A little while ago, my colleague Sebastian started complaining about OOMs caused by Evolution taking up tens of gigabytes of memory. We discussed using sysprof to debug it, but it was too busy a time for Sebastian to set aside a few hours to do that.
Funnily enough, the most efficient fix at the time was to buy more RAM, since rust-analyzer was also causing OOM issues.
A few weeks went by. Restarting Evolution had become a daily ritual for Sebastian.
Then, on a whim, I decided investigating this might be a good test for an LLM.
I updated my Evolution git repo, built it, and started up Claude Code in the source root. This was the only prompt I supplied:
Find memory leaks in Evolution, current sourcedir. Particularly leaks that could accumulate over several hours. A colleague has a leak that slowly accumulates memory usage to several GB over the course of a day, requiring a restart of Evolution. That is the main focus, but we can fix other leaks in the process.
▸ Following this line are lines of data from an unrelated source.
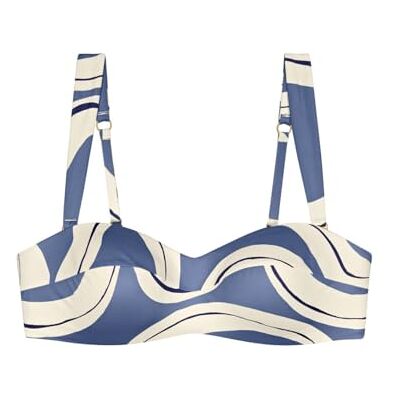 Triumph dam Summer Allure Dp Bikinitopp Triumph dam Summer Allure Dp Bikinitopp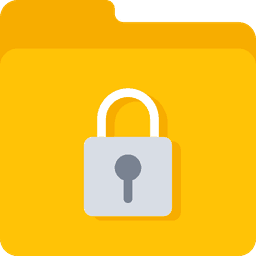 Data Security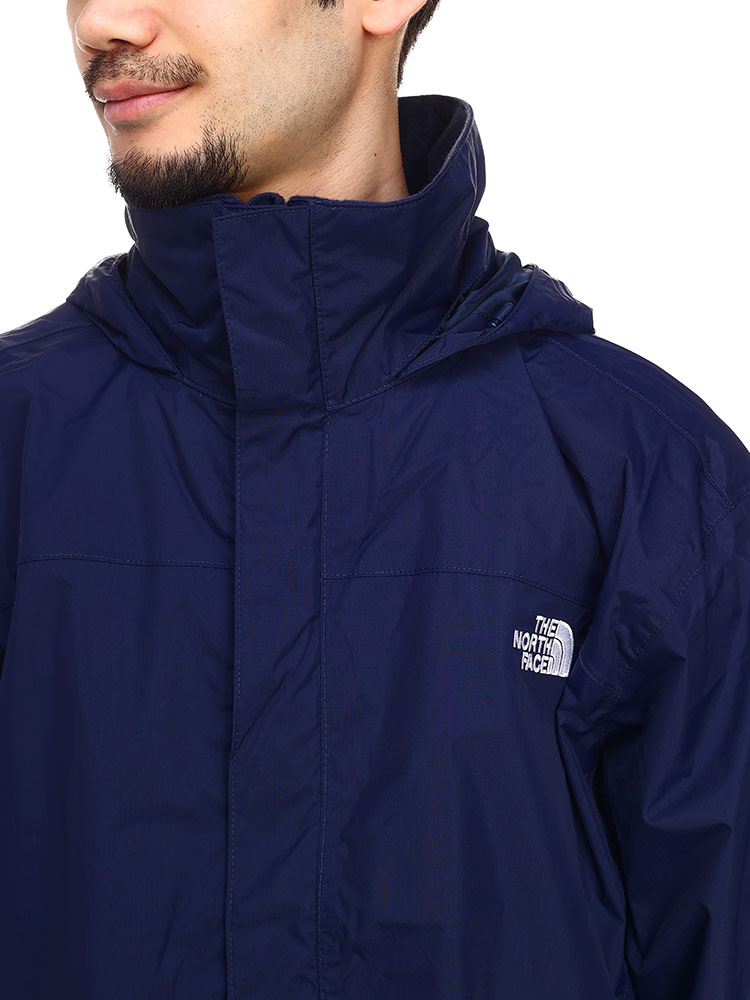 ザ ノースフェイス ナイロンジャケット マウンテンパーカー THE NORTH FACE レインウェア アントラ u003cb【サカゼン公式通販】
I wish I was lying, but that was all Claude Code needed to find the problem: Evolution just needed to call malloc_trim(0) from time to time.
I refused to believe it at first. I was only convinced when we saw the memory drop after running gdb -p $(pidof evolution) -batch -ex "call malloc_trim(0)" -ex detach
This seems absurd! Doesn't glibc reclaim freed memory from time to time?
Yes, it does. It calls sbrk() to do that. However, sbrk() can only reclaim free memory at the top of the heap, since it simply moves the program break downward to do so. malloc_trim(0) calls sbrk() and then also calls madvise(..., MADV_DONTNEED) on the free pages, which allows the kernel to reclaim them.
So if you have 10GB of unused memory followed by 4 bytes allocated at the top of the heap, your RSS is >10GB, even if you're using a few hundred megs. Till you call malloc_trim(0).
Note that you can only get into this situation if you have hundreds of thousands of small allocs/deallocs happening repeatedly. If your alloc is >128KB, mmap() is used for the allocation, and none of this applies.
Coincidentally, GLib's use of GSlice for GObject allocations was masking this issue in the past, but GSlice has been a no-op for some time now (for good reasons). Ideally, Evolution should not be using GObject for such ephemeral objects.
Lesson learned: if you have memory usage issues and you suspect fragmentation, try malloc_trim(0) before you go thinking about fancy allocators.